Vegans, raw foodies, and lactose-intolerants unite! Here we have a superb dessert that does not take much time and does not require baking or dairy. Love it. Since I was only making a sample amount, I quartered the recipe, but here is the full one:

Crust:

  • 2 cups pecans or walnuts (I used walnuts)
  • 1 cup pitted dates, soaked in water 5 minutes, drained
  • 1/4 cup ground flaxseeds (I buy flaxseed meal since it’s already grounded up)
  • 1/2 tsp sea salt
  • 1/2 tsp raw vanilla powder (I used vanilla extract)

Filling:

  • 3 cups cashews soaked in water at least 1hr, drained
  • 1 cup soaked dates
  • 1/2 cup fresh squeezed lemon juice (this is absolutely critical, don’t skip!)
  • 1/4 cup raw unrefined coconut oil (optional)
  • 1 tsp vanilla powder (or extract)
  • 1/2 tsp sea salt

Topping

  • 2 cups frozen strawberries
  • 1 cup pitted dates soaked for 10 minutes, drained
  • 1/4 cup almond milk

To make the crust, put nuts in processor and pulse until finely chopped.
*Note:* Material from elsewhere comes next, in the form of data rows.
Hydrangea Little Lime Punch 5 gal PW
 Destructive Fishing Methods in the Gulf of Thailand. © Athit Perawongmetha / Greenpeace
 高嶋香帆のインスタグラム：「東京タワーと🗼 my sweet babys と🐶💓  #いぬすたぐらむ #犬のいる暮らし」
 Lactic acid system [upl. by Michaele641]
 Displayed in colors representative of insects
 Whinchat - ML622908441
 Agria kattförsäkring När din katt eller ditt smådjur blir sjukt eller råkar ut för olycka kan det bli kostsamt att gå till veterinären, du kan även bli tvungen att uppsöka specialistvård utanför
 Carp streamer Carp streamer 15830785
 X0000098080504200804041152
Add dates, flaxseeds, salt, vanilla and keep going until the mix turns into a ball. Put onto an 8″ springform pan and press into a crust. I put mine in a little tupperware:

To make the filling, drain the dates and mash into a paste and place it with cashews, lemon juice, coconut oil, vanilla, and salt in processor and go until smooth. If necessary add water a little at a time. I didn’t; it was fine with me if it was still a little chunky. Now pour this onto the crust and smooth out.

To make the topping, place the strawberries, dates, and almond milk in processor and go until very smooth. I was impatient so mine wasn’t so smooth but that didn’t matter to me! Pour it onto the filling.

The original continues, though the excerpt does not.